- **Your objective**: In the entries below, begin at the line that has "Vegan Faux Leather" and stop after the line that has "Illustration of the"; output those lines exactly, leaving out pictures.

- **Data supplied**:

- Opening Delimiter -

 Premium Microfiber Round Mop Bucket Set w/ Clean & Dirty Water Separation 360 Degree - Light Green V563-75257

- Closing Delimiter -
- Opening Delimiter -

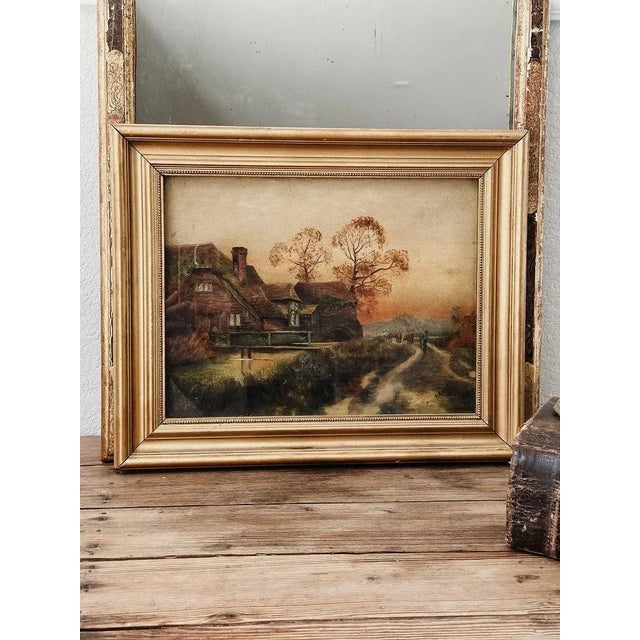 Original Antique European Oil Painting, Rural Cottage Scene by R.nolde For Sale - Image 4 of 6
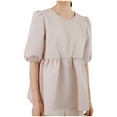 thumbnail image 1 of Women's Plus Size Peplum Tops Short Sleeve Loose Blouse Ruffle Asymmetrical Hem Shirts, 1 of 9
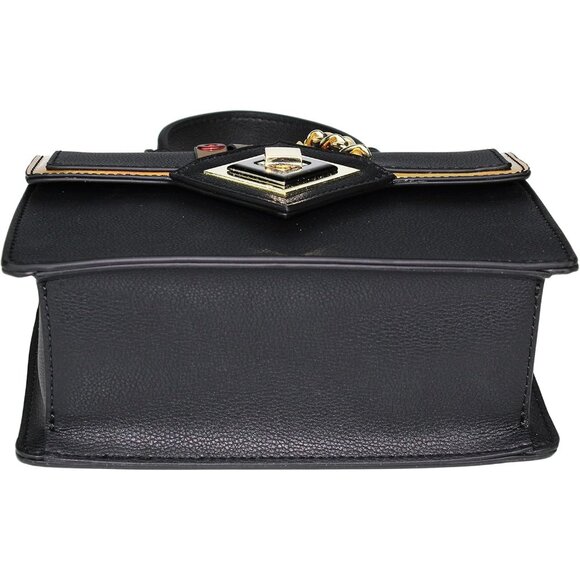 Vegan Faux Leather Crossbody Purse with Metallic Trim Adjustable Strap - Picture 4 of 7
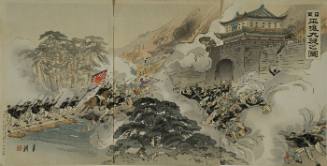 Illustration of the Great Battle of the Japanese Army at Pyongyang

- Closing Delimiter -
- Opening Delimiter -

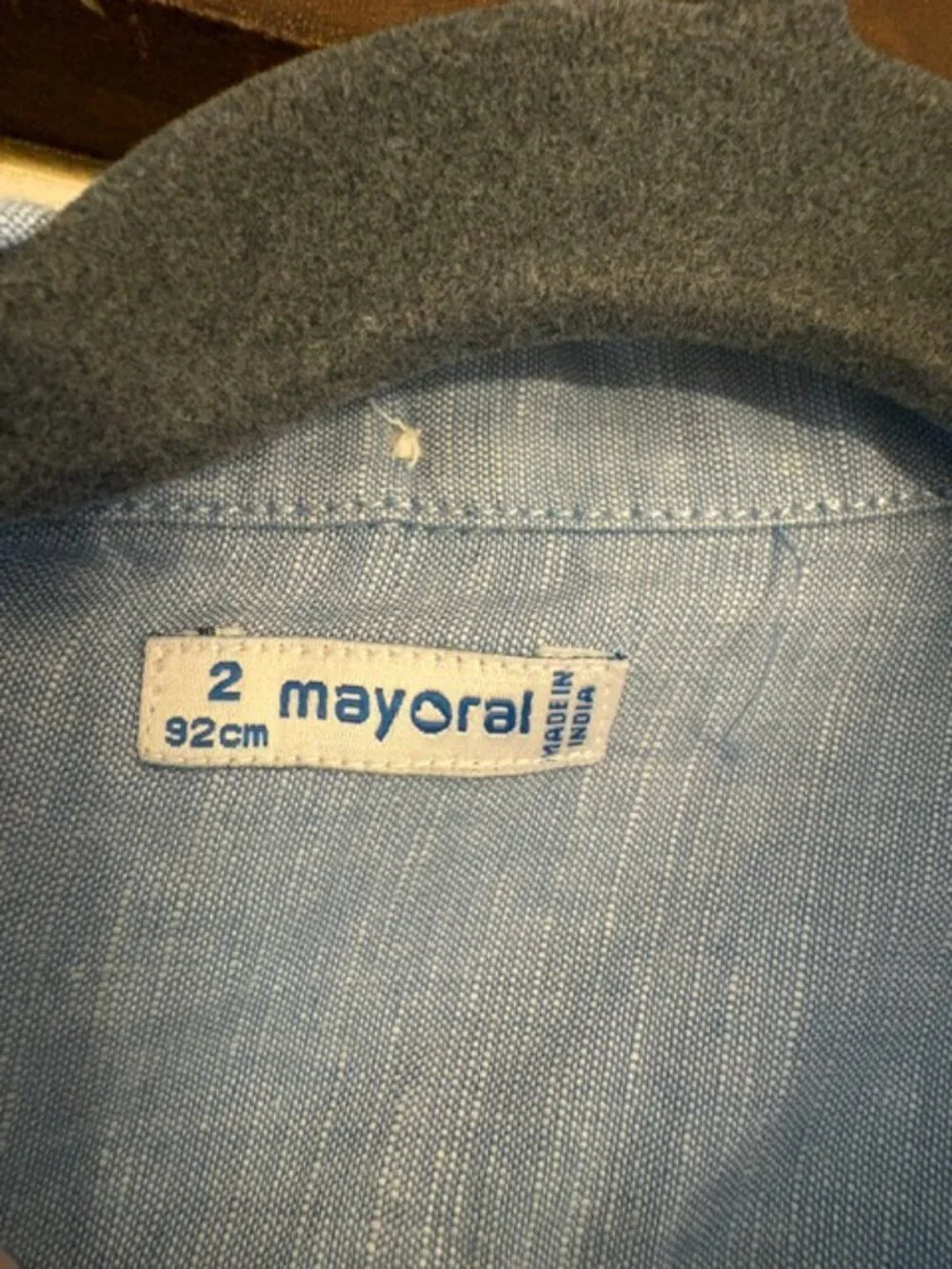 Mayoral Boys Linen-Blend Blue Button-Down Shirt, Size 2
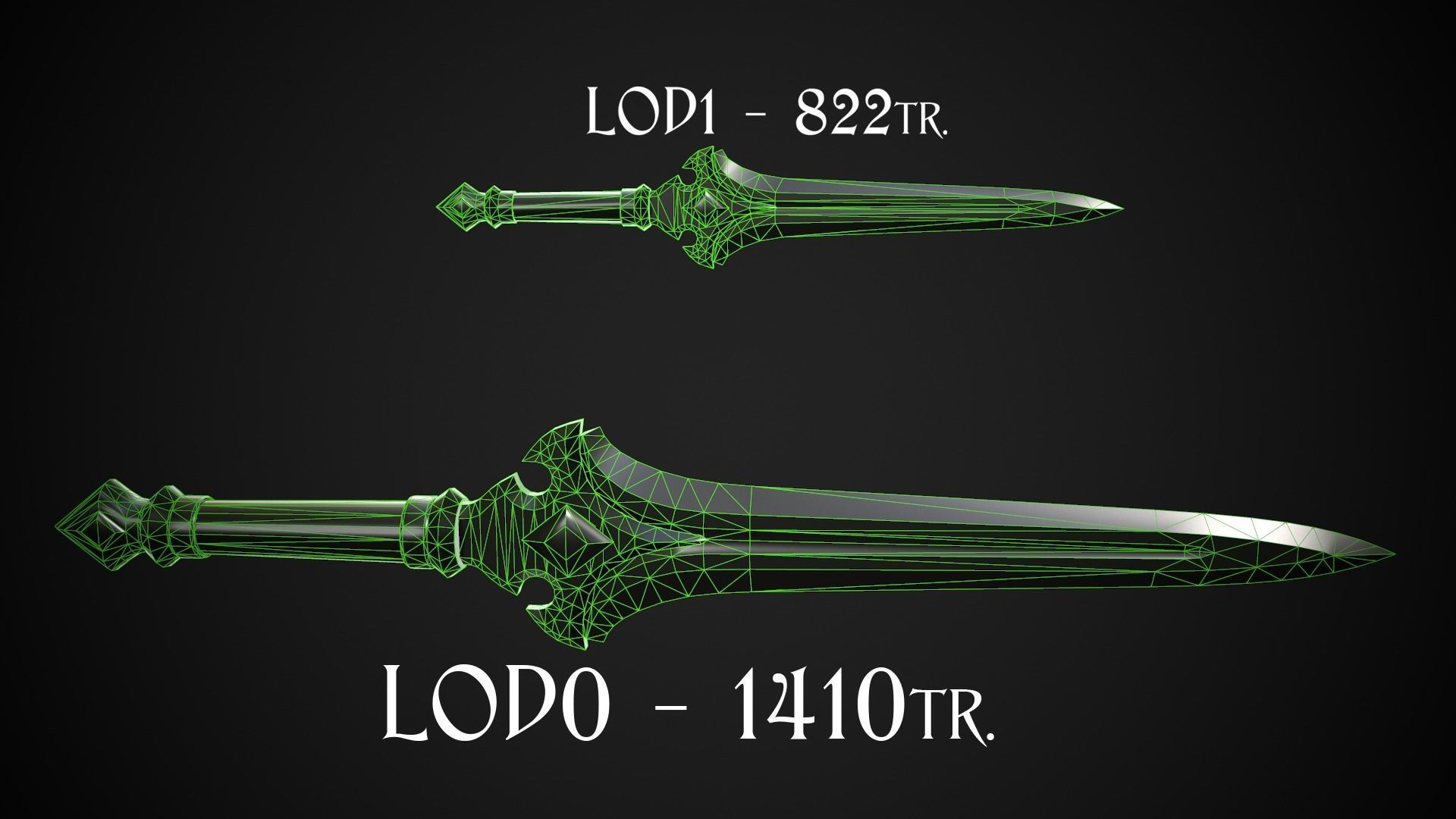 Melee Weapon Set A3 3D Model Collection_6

- Closing Delimiter -

- **Answer section**:
 Vegan Faux Leather Crossbody Purse with Metallic Trim Adjustable Strap - Picture 4 of 7
 Illustration of the Great Battle of the Japanese Army at Pyongyang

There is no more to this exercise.